• WHAT IS EXPECTED: Return the data below in full, exactly as it stands.

• MATERIAL FOR THIS EXERCISE:

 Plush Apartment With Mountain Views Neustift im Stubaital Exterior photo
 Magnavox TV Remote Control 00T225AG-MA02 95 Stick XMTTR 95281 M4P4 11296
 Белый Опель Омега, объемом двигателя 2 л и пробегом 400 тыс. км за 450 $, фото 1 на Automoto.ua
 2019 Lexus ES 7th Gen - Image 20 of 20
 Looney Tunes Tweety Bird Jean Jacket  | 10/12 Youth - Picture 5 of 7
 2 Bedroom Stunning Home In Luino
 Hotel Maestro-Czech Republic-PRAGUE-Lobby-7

• RESULT OF THE EXERCISE:
 Plush Apartment With Mountain Views Neustift im Stubaital Exterior photo
 Magnavox TV Remote Control 00T225AG-MA02 95 Stick XMTTR 95281 M4P4 11296
 Белый Опель Омега, объемом двигателя 2 л и пробегом 400 тыс. км за 450 $, фото 1 на Automoto.ua
 2019 Lexus ES 7th Gen - Image 20 of 20
 Looney Tunes Tweety Bird Jean Jacket  | 10/12 Youth - Picture 5 of 7
 2 Bedroom Stunning Home In Luino
 Hotel Maestro-Czech Republic-PRAGUE-Lobby-7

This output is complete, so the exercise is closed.